Three Henley men were awarded Town Medals on Thursday for their outstanding contributions to the community. On the evening of April 19th, family and friends gathered at the Town Hall to celebrate the achievements of Dick Charlton, John Green and Alfie Hay.
Henley Mayor Kellie Hinton opened the ceremony by remarking that many people contribute to making Henley the town that it is, but some really go above and beyond. Richard Charlton was the first to receive his medal after an introduction by Councillor Ken Arlett. Richard (Dick) was born just off the Wargrave Road, and many know him from his integral feature in the annual Remembrance Day service. Ken, whose uncles fought alongside Dick in WWII, told the incredible story of his many life experiences.
97 year old Dick joined the Territorial Army when he was 18. In 1939, he was called to join the Oxfordshire and Buckinghamshire Light Infantry as the country lay on the edge of war. He was soon sent to the freezing port of Le Havre, and travelled with his company towards Belgium. It wasn’t long before the soldiers found themselves on the front line. Swarmed by German tanks, the troops were forced to retreat back to Cassel, where they were surrounded by German soldiers. On 29th May, 1940, Dick was taken as a prisoner of war.
Dick and other prisoners were taken to Lamsdorf, on the German/Polish border, where they were to remain for 4 years. Each was given a number to identify them, which Dick can still remember. Heads shaved, clothes taken, and even names made obsolete, they were stripped of their identity. It wasn’t until 7th January 1945 that Dick saw freedom, after being liberated by the Americans. He faced a four month march to Brussels before he could be flown back to the UK for 5 weeks’ leave. As the war continued to rage, Dick prepared to return to his duty. He now claims that the Atom Bomb dropped on Japan most likely saved his life.
Some of Dick’s achievements since have included joining the Harpsden British Legion (and being presented with an award for his 70 years’ service), making pilgrimages to Dunkirk with the Dunkirk Veterans, and winning the Oxford Senior Cup with Henley Town Football Club in 1947. He married Dorris in 1961, and they are still happily married after 57 years — and two daughters and grandchildren later!
The second Henley resident to be honoured with a Town Medal was John Green, after an introduction from Mayor Kellie Hinton. Many know John as the Chairman of the Royal British Legion Henley-on-Thames and Peppard Branch. Much like Dick Charlton, John has been a prized member of the armed forces, and has continued to serve the country and his fellow soldiers throughout his life. In 1953, aged 17, John began his National Service and joined the Sherwood Foresters. During his three years of service, he became a Lieutenant. John then moved to Henley after leaving the army, as he spent most of his career as a General Manager for Gillette, and wanted to be close to their Isleworth offices.

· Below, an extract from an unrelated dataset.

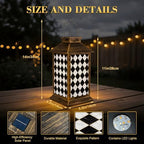 Solar Lantern Outdoor Waterproof White Black Check Marble Seamless Repeat Diagonal marbling Garden Decor LED Hanging Solar Lights Tabletop Lamp Gifts for Women Mom Outside Yard Patio Porch - Image 2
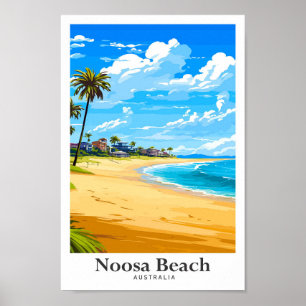 Noosa Beach Australia Vintage Travel Illustration Poster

John has been part of the Royal British Legion for over 30 years. The RBL provides practical, emotional and financial support to members of the British Armed Forces, both past and present, and their families. John has embarked on a number of fundraising drives for the association, such as undertaking a charitable walk in August 2014 in memory of his father, William Leslie Green (also a soldier). John also walked 200km over 4 days in August 2016 at age 81 for the Nijmegen Marches. Of course, many people will know John from Remembrance Day services, and his integral role in the RBL poppy appeal. In his acceptance speech, John said how very proud he was to share the event with Dick Charlton, and how much he admired his contribution to the town and his country.
The third and final Henley local to be honoured was Alfie Hay. Alfie was the headmaster of Trinity Primary School when Councillor Kellie Hinton attended – so it seemed only fitting that she should present him with his medal! Introducing her old headmaster, Kellie’s emotions were apparent as she recalled Alfie’s influence on his many young students, herself included. Alfie also remarked in his acceptance speech how unique it was to have an award given to him by one of his former pupils. In addition to the huge positive impact he had on his many students at Trinity, Alfie was also a founder of the Henley Youth Festival, which has just celebrated its 25th year. Since its establishment, the Henley Youth Festival has seen thousands of children explore and enjoy the diversity of the arts, from painting to singing, poetry to film, tap to jazz — the list is endless! It goes without saying that Alfie Hay has had a monumental effect on the lives of the children in Henley-on-Thames.
Congratulations to the three well deserving winners on their Town Medals.